There’s no doubt that Prof. Levin is an exceptional author; his book “Why Race Matters” opened my eyes to the reality of race. Similarly, this book opened my eyes to the true nature of feminism. However, due to Levin’s broad (and academic) vocabulary, many readers will find themselves reaching for their dictionaries.
The book also has more typographical errors than one would expect from such an illustrious author.
What I gleaned from the book is that there is no such thing as “moderate feminism.” All feminism is radical – because, by definition, feminism is at war with nature. In any other age, feminism would never have gained traction, but because its advocates piggybacked the movement onto liberalism in general – and “civil rights” in particular – they were able to hijack government and education on all levels. The results have been catastrophic and tragic. Countless billions of dollars, of taxpayer money, have been wasted, and countless lives ruined due to the feminist agenda.
The book was published in 1987, so the statistics cited therein are dated, but still very relevant.

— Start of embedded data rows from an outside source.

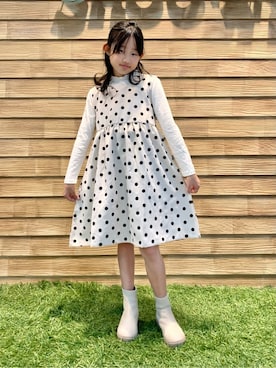 「SHOO・LA・RUE（シューラルー）の【100-140cm/プチセレ】フリルレースインナープルオーバー（Tシャツ/カットソー、ホワイト系）」を使った、E r i   さん（レディース・162cm）の冬コーディネート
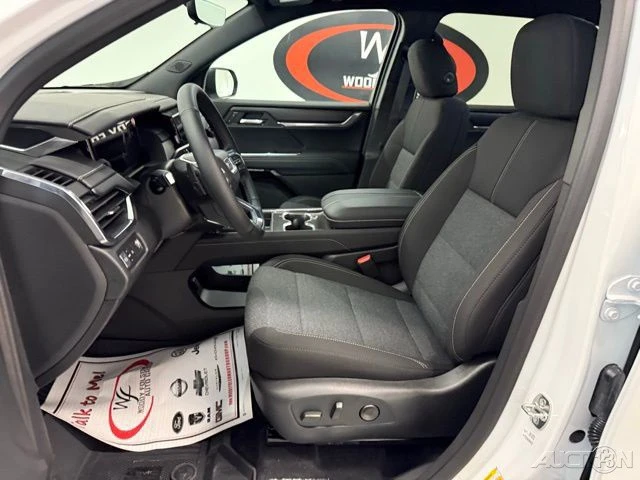 2026 GMC Acadia - Image 12 of 21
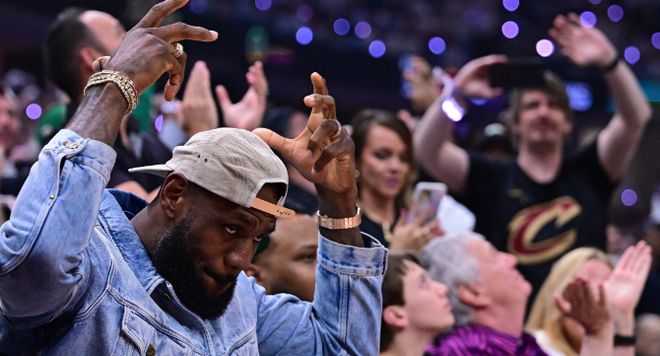 关于国王杯冲刺阶段再迎强敌，多伦多猛龙伤情更新，主帅态度——引发热议，更衣室氛围转暖的信息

This book was written ten years prior to “Why Race Matters,” and one can already see hints of the latter work in the former – though the author annoyingly gives sympathetic words to the black civil rights movement. Ostensibly to highlight the contrast between the struggle for blacks (which, he says, has merit) with the struggle for women (which, he says, does not have merit). He may have simply been trying to stay out of trouble in this way.
If he were to write the book today, he might have included a chapter on the role of Islam vis-a-vis feminism. But he didn’t, so I’ll claim the insight for myself:
Feminism paved the way for the advance of Islam in Europe. By pressuring women to be like men, and forcing men to be like women, feminist societies left many women feeling unhappy and unfulfilled. Many women simply do not WANT to be just like men; they want to be WOMEN. But Western society made this difficult, and sometimes even impossible.
Along comes Islam, with clearly defined roles for the sexes. In Islam, many Western women found a way to be women again – even with the blessings of the liberal establishment!
As for the unhappy men, some of them also convert to Islam – or commit suicide. Or both.